A Journal of Events – commencing January 31st 1927 is exactly that thing – and I am exactly in that place of awe and wonder. As I stroke the cover and marvel at the exquisite handwriting and animated stick drawings I’m simultaneously pinching myself.

The journal traces a trip to southern France, but the tone is set in the first pages by a quite hilarious declaration “Relating to Mutual Behaviour & Deportment” solemnly signed by Felicia and Helen.  Hungry glances further ahead confirm that it’s brimming with incident and reveals that while Felicia missed out on a visit to the Lourve in 1936 (en route to Barcelona) she was there in 1927. In 1936 she’d wondered the streets of Paris in a state of savage loneliness finding even the Lourve closed to her for Bastille celebrations. Her companion Dr Edith Bone had abandoned her for other friends and she was dizzied and alienated by Paris on this occasion.  Within weeks she would be shot dead by enemy fire near a railway bridge in Tardienta (Aragon). She was the only British woman to fight in the Spanish Civil War and the first British volunteer to die in combat. Her 1927 journey could not have been more of a contrast it seems. I’m so incredibly glad for her.
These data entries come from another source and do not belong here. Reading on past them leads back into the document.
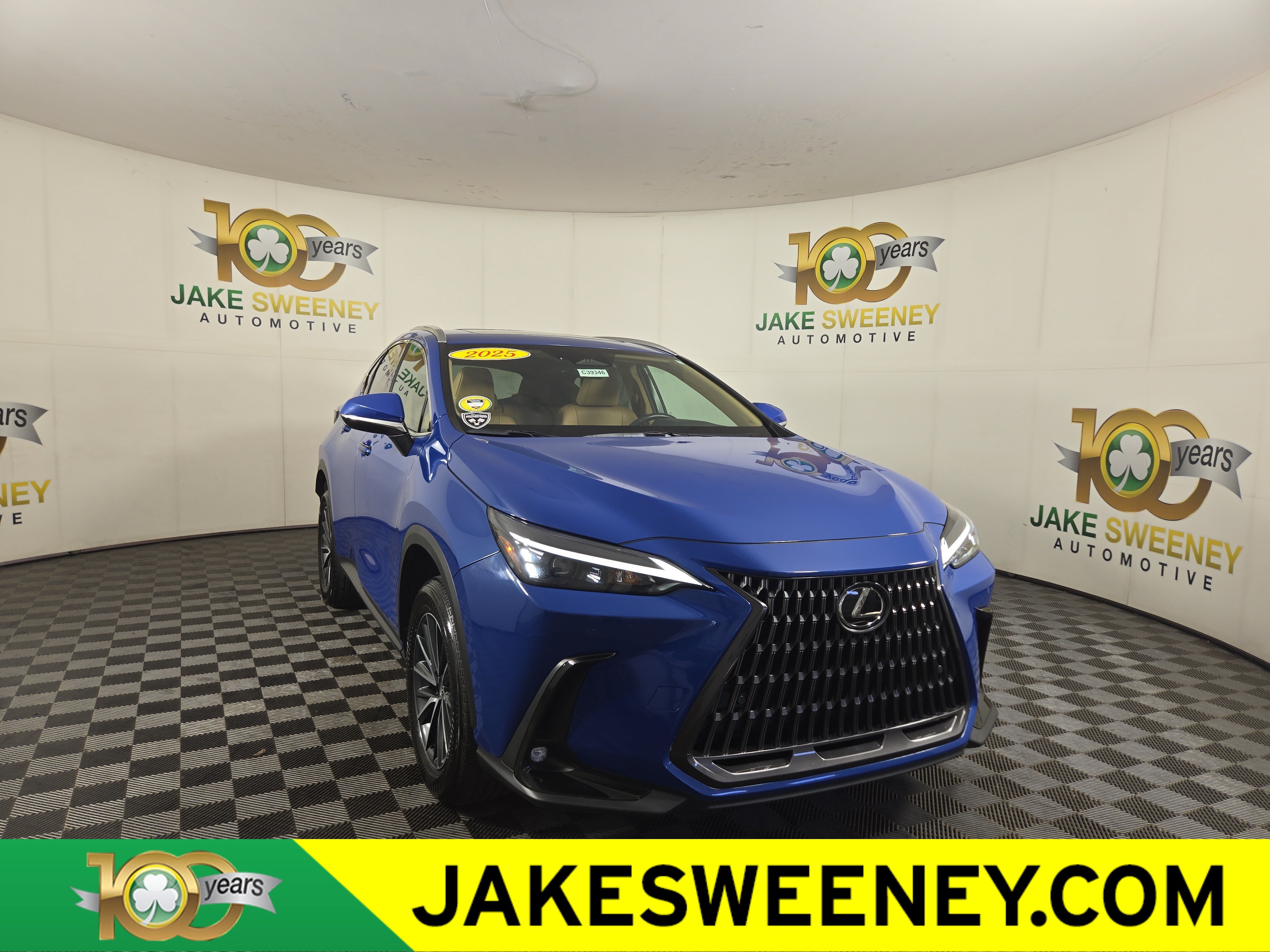 Used 2025 Lexus NX 350h AWD video 1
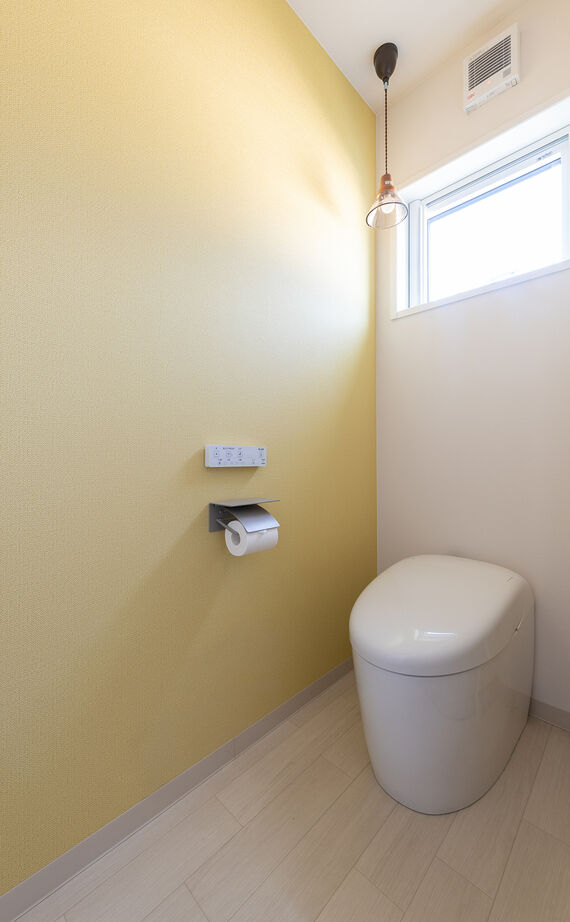 クレバリーホーム 【3500万円～3999万円／吹抜け／ペット／間取図】タイルならではの白が美しい。愛犬と暮らす高断熱の家の建築実例画像13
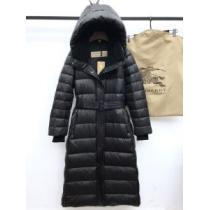 2026-20秋冬トレンドファッション 2色可選 バーバリー BURBERRY 秋冬流行りファション  ダウンジャケット 最新秋冬トレンドをチェック
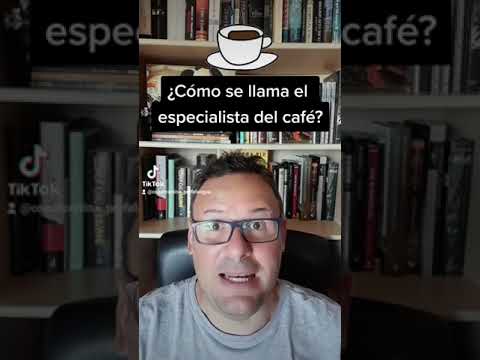 ¿Cómo se llama el especialista en literatura?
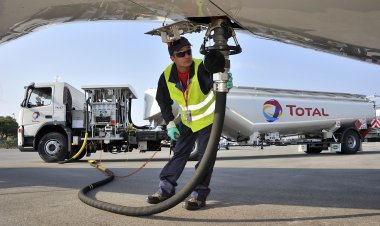 'Fransız Total, Ukrayna'yı bombalayan Rus jetlerine yakıt sağladı'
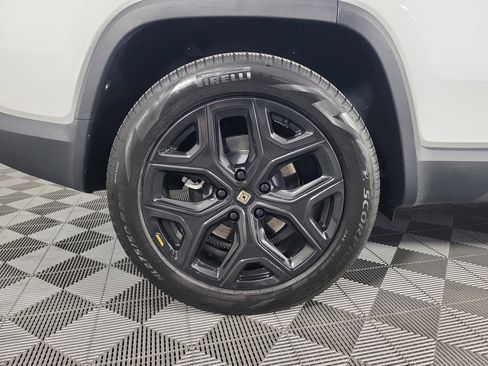 Used 2024 Rivian R1S Adventure image 12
I’m somewhat busy on other projects these days, but it seemed fitting to blog about this extraordinary journal as a postscript to TAAE. There’s a whole new chapter of the story and the potential for more creative responses held in these pages.

My immense gratitude to Felicia’s nephew – the ever generous Peter Marshall – for sending it to me to read and scan before I return it. I think my first job is an email to all my TAAE collaborators with the news!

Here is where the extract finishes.